Top Financial Tips for New Parents

Being a new parent comes with a lot of decisions. From picking the right stroller and car seat to the perfect name, making the right choices can be stressful. We hate adding to your parental to-do list, but now is the time to add some financially-related tasks to your list as well.

Insurance

  • Add Your Child to Your Health Insurance
    It seems like a no-brainer, but this task can get overlooked in all of the chaos that comes with a new baby. Most health insurance plans want you to add your new bundle of joy within 30-60 days of delivery. Check with your insurance company and get that baby covered!
  • Update Your Life Insurance
    First, if you don’t already have life insurance – having a baby is an excellent reason to get one now for you and your spouse. This will protect your family when they need it most. Thankfully, life insurance is usually downright affordable. Many financial institutions, like WWFCU, can give you access to discounted policies. If you already have a policy, be sure to make your child a beneficiary.

Accounts and Forms

  • Health Savings Accounts
    If your employer offers a health savings account (HSA), and you already take part, you may want to adjust your contributions.
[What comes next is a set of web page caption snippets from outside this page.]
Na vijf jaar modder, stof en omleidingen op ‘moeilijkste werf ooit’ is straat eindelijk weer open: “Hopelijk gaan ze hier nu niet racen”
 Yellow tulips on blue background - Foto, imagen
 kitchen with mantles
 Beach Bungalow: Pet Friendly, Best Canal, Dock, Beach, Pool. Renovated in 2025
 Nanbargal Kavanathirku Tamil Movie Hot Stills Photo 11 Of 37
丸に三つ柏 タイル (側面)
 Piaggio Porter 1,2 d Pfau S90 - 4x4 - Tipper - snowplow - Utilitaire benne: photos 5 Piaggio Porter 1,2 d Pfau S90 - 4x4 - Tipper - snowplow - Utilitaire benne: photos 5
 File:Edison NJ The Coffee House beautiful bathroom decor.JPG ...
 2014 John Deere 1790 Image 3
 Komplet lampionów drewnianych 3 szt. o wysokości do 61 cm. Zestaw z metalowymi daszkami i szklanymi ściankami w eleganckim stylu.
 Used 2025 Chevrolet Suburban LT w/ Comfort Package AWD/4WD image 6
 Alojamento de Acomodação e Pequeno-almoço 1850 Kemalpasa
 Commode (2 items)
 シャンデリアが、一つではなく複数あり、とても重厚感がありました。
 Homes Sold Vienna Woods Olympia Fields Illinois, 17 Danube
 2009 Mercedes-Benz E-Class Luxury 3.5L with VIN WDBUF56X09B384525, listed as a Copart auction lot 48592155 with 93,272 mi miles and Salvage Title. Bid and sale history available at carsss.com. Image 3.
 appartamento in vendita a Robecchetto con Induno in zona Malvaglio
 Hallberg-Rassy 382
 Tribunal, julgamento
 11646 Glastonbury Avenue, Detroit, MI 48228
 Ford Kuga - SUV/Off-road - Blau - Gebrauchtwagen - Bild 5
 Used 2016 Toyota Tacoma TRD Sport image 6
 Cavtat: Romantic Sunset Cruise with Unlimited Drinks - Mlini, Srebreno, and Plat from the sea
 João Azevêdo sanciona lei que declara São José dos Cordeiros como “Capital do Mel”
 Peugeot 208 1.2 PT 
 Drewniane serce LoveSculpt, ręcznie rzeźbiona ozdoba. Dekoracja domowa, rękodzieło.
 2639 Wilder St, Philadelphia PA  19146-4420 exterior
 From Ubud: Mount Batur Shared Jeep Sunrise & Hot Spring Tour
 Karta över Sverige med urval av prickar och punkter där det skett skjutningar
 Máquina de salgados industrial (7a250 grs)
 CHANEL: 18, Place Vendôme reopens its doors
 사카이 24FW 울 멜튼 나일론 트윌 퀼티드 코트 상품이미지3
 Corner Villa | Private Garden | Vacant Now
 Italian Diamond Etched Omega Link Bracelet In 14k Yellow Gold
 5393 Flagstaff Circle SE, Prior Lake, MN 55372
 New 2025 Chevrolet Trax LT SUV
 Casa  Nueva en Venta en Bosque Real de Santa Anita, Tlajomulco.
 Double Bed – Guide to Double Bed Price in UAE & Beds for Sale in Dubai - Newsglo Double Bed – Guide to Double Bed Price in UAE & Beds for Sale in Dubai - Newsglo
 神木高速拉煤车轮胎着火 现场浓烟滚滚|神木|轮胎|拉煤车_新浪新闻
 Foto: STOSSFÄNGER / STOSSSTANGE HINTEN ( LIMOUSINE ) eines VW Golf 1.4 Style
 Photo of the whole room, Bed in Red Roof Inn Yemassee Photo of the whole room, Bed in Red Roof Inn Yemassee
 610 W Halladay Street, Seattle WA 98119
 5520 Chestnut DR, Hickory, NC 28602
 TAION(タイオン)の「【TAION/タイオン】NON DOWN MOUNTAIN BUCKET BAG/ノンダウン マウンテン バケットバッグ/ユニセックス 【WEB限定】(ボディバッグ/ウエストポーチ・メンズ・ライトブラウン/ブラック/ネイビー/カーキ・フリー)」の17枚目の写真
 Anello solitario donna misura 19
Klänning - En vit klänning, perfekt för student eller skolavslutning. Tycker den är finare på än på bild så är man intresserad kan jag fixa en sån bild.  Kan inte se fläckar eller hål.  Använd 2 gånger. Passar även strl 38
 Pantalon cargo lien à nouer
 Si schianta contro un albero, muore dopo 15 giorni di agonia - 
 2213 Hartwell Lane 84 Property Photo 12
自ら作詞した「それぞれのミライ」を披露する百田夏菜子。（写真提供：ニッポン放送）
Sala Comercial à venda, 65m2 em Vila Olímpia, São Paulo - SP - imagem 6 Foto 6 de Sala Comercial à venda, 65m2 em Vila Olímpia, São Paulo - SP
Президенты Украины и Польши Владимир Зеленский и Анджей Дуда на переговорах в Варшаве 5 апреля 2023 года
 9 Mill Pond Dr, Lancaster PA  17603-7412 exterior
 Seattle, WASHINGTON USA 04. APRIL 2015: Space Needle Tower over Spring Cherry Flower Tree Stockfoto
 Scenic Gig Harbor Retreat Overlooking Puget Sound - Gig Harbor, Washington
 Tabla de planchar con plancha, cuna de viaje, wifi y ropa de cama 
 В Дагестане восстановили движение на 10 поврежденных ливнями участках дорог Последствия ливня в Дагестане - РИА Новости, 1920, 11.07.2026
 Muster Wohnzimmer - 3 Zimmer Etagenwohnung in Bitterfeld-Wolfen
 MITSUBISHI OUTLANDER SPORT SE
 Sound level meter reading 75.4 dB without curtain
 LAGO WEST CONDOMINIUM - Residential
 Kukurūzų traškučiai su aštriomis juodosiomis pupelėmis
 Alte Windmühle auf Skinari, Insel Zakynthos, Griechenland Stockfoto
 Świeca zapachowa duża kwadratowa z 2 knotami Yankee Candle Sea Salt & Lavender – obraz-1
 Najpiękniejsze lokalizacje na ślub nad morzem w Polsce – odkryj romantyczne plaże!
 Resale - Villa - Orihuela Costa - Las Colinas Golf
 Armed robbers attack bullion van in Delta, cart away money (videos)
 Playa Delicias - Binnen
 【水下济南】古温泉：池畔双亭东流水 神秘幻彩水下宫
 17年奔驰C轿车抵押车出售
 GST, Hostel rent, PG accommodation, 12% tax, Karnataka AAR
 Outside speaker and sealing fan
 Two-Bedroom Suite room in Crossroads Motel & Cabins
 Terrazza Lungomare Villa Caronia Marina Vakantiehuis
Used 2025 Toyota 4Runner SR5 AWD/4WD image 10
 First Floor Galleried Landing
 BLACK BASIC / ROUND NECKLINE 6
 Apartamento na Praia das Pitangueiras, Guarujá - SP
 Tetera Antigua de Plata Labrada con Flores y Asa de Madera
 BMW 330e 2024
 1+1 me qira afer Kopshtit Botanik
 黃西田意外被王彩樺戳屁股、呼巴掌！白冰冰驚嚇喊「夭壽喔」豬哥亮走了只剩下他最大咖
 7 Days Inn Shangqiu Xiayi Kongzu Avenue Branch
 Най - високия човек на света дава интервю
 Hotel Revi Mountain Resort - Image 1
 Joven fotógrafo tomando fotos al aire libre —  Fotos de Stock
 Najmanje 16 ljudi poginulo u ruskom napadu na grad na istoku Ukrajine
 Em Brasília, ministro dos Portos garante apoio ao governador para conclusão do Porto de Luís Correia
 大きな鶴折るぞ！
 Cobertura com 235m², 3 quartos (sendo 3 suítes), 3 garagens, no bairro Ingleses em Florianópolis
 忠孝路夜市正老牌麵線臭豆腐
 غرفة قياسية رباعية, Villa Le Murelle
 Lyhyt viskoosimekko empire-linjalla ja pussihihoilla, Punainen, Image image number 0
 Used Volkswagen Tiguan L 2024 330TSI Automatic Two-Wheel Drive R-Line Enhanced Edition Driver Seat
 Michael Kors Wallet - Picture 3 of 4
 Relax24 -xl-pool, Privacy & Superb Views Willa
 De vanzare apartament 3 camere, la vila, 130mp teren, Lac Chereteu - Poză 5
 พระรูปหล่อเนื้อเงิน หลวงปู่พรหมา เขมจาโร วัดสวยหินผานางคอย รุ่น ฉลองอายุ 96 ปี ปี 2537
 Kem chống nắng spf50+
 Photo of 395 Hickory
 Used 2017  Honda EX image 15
An HSA lets you use pre-tax dollars to pay for a variety of health-related expenses like co-pays, infant formula, breast pumps and more. 
  • Get or Update Your Will
    Nobody likes to think about a time when they won’t be around, but now that you have a little one, you’ll want to make sure they’re covered by having a will.A will not only lists beneficiaries when you pass, but also states who you wish to be guardians if your children are under 18. Work with an attorney to update these things or to create a will if you don’t already have one. 
  • Tax Time
    Once tax time rolls around, you’ll see the financial benefits of having a child – the Child Tax Credit. The IRS also gives you credit for childcare with the Child and Dependent Care Credit. Be sure your tax planner is aware of your latest family addition or, if you file yourself, don’t miss these important credits on your return. 
  • Important Records
    Once your baby is born, make sure you receive paper copies of key records such as the birth certificate, Social Security card and immunization record. You’ll need three copies of the birth certificate – one for you, one for your child to have later in life and one for a guardian. The Social Security card will arrive by mail. And the immunization record is vital if you’ll be putting your child in daycare. Be sure to keep all of your important documents in a fireproof safe. 

Budgets and Savings

  • Change Your 401k
    Update the beneficiaries on your 401k to include your new baby. You may want to reconsider what your contributions are as well. It never hurts to save more when you can.
  • College Savings
    Sure, they’re just in diapers. But that doesn’t mean you shouldn’t start planning for their college education now. A 529 college savings account may be a great option for you. They grow tax-free and aren’t taxed when money is withdrawn as long as you use it to pay for qualified education expenses. According to the U.S. News, it currently costs $9,716 to $35,676 per year to send a kid to college – so start saving now. Speak to a financial planner to weigh your college savings options. 
  • Revisit Your Debt
    Ideally, this should be handled as soon as you find out a baby is on the way. Do everything you can ahead of time to reduce your debt by as much as possible. Switch high-rate credit cards for lower rate ones, consolidate your debt into a low-rate loanand make more than your monthly payments till at least the baby arrives. 
  • Revise Your Budget
    You’ll soon be amazed at how something so tiny can cost so much! The USDA states it costs $233,000 to raise a child. Chances are, your budget could use some tweaking now that you have new family member. Diapers, formula, clothing and childcare can make a big dent in your finances. Experts recommend upping your monthly budget by at least 10% to accommodate these growing expenses. 
  • Increase Your Emergency Fund
    This is another one of those “if you don’t have one, get one” scenarios now that you’re a new parent. You want to make sure you’re financially covered in case of an unforeseen emergency or unexpected layoff. Most experts recommend having 6-12 months’ worth of expenses in your emergency fund. But start with whatever you can afford. Learn more about emergency funds here

We’re not saying you have to do all of this today, but it’s good to review best recommendations and start from there. Be sure to speak to your accountant, tax expert or financial planner to make the choices that are right for you and your new family.